Même s’il existe une littérature d’expression canadienne-française depuis le temps de la colonie et de la Nouvelle-France, c’est essentiellement depuis les années 1960 et la « Révolution tranquille » que la littérature québécoise fait preuve d’une très belle vivacité. Le très grand succès du Bonheur d’occasion de Gabrielle Roy, en 1945, est un signe avant-coureur du réveil culturel de la province à la fin du régime clérical et autoritaire de la « Grande noirceur ».
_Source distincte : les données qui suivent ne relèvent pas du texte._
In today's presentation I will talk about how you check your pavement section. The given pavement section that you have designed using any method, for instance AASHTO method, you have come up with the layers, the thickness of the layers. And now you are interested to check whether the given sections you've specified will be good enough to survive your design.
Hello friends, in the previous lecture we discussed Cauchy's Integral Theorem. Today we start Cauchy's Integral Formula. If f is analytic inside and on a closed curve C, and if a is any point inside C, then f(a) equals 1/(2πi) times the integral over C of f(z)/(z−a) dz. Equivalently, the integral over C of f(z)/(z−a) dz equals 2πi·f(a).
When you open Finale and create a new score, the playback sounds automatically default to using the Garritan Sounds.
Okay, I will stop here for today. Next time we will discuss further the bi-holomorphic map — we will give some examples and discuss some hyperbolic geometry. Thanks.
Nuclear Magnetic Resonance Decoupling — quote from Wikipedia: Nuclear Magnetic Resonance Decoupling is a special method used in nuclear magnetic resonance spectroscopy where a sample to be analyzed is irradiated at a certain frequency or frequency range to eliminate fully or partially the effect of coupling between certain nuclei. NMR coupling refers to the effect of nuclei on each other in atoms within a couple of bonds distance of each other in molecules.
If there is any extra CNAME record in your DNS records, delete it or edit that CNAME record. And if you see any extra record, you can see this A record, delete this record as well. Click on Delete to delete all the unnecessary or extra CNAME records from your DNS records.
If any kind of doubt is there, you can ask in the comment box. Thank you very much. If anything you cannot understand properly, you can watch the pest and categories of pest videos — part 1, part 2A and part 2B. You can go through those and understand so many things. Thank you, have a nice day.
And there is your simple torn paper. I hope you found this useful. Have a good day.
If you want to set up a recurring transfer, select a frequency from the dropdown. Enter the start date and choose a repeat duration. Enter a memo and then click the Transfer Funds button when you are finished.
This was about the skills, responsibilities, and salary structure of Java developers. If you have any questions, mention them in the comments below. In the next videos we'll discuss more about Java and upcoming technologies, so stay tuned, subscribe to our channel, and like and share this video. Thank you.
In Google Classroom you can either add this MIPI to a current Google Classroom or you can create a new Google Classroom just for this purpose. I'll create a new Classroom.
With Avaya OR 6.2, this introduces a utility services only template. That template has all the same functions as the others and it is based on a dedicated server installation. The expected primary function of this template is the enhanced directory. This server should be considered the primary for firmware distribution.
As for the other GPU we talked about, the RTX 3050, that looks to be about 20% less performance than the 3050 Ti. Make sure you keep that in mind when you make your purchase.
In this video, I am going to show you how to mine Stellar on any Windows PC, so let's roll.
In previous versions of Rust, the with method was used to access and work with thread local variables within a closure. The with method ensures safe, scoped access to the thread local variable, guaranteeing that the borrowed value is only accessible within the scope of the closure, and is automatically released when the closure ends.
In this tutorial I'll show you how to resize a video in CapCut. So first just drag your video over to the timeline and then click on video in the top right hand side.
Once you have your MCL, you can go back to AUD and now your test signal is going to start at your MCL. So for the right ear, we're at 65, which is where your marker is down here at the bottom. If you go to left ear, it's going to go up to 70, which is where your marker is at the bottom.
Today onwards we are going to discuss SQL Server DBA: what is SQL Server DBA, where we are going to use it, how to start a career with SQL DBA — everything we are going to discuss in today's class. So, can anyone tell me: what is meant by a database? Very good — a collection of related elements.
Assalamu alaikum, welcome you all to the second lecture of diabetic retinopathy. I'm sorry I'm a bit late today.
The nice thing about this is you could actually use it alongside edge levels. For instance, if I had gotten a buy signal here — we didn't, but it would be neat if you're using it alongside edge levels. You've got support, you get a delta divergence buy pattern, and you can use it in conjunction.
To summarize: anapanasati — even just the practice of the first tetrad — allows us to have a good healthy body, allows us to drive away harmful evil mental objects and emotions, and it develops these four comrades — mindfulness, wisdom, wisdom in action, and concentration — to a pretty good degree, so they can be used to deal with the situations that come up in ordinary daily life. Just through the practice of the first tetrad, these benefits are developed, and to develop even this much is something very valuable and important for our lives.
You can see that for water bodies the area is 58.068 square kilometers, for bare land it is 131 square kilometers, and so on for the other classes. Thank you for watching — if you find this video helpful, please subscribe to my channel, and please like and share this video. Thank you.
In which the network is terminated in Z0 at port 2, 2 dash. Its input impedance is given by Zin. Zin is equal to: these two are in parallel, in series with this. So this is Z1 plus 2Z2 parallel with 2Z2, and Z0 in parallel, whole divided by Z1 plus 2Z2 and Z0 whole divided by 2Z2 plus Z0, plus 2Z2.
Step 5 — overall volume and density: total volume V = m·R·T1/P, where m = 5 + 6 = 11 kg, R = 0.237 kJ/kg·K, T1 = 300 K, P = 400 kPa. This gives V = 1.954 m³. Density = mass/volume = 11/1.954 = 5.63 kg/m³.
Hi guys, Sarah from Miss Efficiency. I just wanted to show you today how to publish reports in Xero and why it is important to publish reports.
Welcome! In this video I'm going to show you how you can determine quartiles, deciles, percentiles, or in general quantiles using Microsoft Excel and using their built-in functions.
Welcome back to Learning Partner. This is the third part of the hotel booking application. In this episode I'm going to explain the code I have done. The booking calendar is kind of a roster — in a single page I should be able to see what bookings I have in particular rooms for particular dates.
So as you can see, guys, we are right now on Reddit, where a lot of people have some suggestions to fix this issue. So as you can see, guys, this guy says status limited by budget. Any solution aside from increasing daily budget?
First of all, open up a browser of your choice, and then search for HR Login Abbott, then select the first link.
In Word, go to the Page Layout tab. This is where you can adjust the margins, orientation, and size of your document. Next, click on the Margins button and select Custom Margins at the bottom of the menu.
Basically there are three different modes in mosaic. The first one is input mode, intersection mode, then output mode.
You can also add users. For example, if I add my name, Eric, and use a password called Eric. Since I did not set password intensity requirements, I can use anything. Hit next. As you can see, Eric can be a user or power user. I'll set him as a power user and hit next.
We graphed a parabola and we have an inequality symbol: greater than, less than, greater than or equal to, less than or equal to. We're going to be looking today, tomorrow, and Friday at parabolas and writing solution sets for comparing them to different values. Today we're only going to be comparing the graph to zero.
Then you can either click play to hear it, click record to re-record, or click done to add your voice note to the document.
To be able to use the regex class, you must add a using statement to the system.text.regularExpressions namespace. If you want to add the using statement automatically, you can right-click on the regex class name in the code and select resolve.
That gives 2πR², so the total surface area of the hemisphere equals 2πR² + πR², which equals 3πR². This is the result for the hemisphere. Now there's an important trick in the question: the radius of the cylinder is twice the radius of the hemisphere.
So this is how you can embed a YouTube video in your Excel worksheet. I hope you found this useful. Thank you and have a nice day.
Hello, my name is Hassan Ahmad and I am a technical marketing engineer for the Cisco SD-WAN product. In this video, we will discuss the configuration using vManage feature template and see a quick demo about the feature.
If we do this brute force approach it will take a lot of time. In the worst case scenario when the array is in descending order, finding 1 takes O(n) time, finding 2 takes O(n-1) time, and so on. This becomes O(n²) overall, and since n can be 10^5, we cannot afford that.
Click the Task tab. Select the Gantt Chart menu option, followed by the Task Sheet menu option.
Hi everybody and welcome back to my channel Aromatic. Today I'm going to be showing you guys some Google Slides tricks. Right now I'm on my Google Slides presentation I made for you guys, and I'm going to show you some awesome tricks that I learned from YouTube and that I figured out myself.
La littérature québécoise est souvent un art engagé, sur le plan linguistique et sur les questions sociales. Moyen privilégié d’expression de la langue canadienne-française, elle n’hésite pas à utiliser le « joual » (langue populaire québécoise) et à parler des petites gens avec beaucoup de réalisme.

Parmi les grands auteurs québécois, citons

  • Michel Tremblay (Chroniques du Plateau Mont-Royal),

  • Réjean Ducharme (L’Hiver de force), Hubert Aquin (Prochain épisode),

  • Anne Hébert (Kamouraska),

  • Marie-Claire Blais (Une saison dans la vie d’Emmanuel)

  • Victor Lévy-Beaulieu (Race de monde !).

Aujourd’hui, les écrivains québécois, après les échecs au référendum sur l’indépendance, recherchent moins l’affirmation du fait national que l’expression de l’individualité et d’un certain désarroi devant le monde moderne.

Par ailleurs, la littérature québécoise s’est enrichie de l’apport des communautés culturelles installées à Montréal, dont l’un des meilleurs représentants est l’écrivain d’origine haïtienne Dany Laferrière (Comment faire l’amour avec un nègre sans se fatiguer). Yves Beauchemin (Le Matou), Arlette Cousture (Les Filles de Caleb), Marie Laberge (Le Goût du bonheur), Louis Hamelin (La rage), Gaetan Soucy (La Petite Fille qui aimait les allumettes) et Nelly Arcan (Putain) comptent parmi les auteurs québécois les plus remarqués ces dernières années.